Simply put, PWM expects the major asset classes to deliver lower annual returns on average than in the past amid shifts in market and economic regimes and a wave of disruptive innovation. Cash and government bonds could offer poor returns and even equities could prove a less profitable investment than they have been. But alternatives such as private equity and private equity real estate offer greater potential—in exchange for a degree of illiquidity. In the words of Christophe Donay, PWM’s Head of Asset Allocation & Macro Research, “basically, to optimise returns in the years ahead investors will have to be open to investing in more illiquid asset classes”. And in the same vein, Donay believes that “our expectation that a traditional, historically effective 60% equities / 40% bonds portfolio will produce much lower returns over the next 10 years also means that wealth managers will need to adapt their style of strategic asset allocation.”

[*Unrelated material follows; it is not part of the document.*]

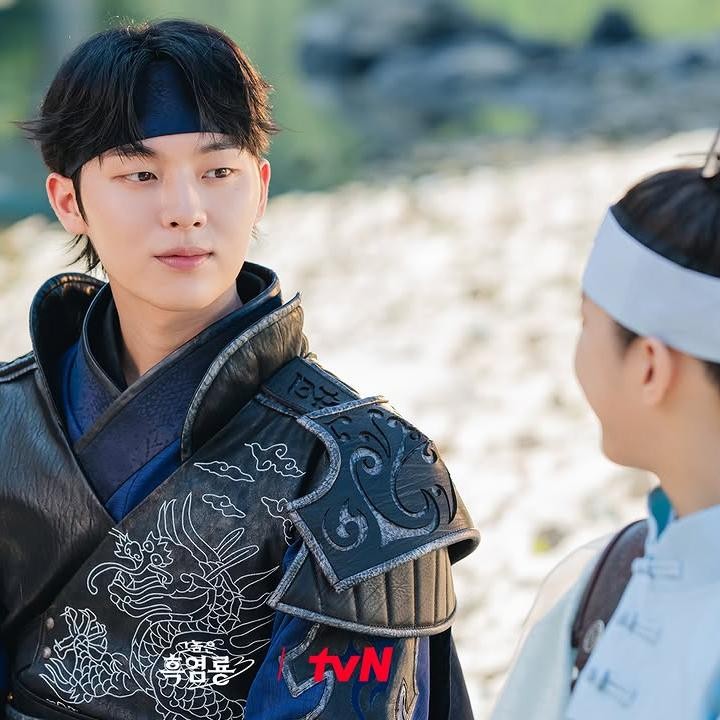 <p>Dalam sejumlah potongan adegan, tampak Ban Ju Yeon dan Baek Su Jeong bertransformasi ke dalam karakter dari<em> online game</em> yang mereka mainkan. (Foto: tvN)</p>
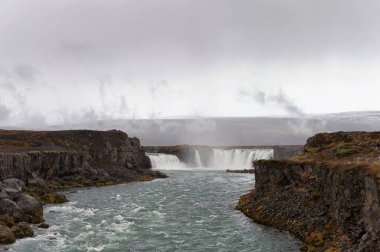 İzlanda 'da Godafoss şelalesi.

Elsewhere in this issue, we look at the impact of trade tensions on markets, particularly on industrial sector equities and the corporate credit universe. Senior investment manager Fernand Pacicca points out that any escalation of tensions between the US and China “only raises the probability of a slowdown in an economic cycle that is already well advanced. Investors’ nervousness is already palpable in the way that share prices have been reacting to any downward revision of companies’ earnings outlook.”

And yet Cesar Perez remains cautiously optimistic about equities’ prospects over all. PWM’s head of investments and CIO admits that the high level that corporate margins have reached “in itself may be a reason for market participants to worry”. Wage pressures could normally be expected to rise, and rising oil prices are already eating into margins.  But even if margins are squeezed, Perez argues, “companies’ revenues can continue to grow if the economic cycle still has legs—which we think it has”. In short, barring a trade war, Perez expects relatively benign economic conditions to last until 2019, “helping cushion corporations against margin pressures”.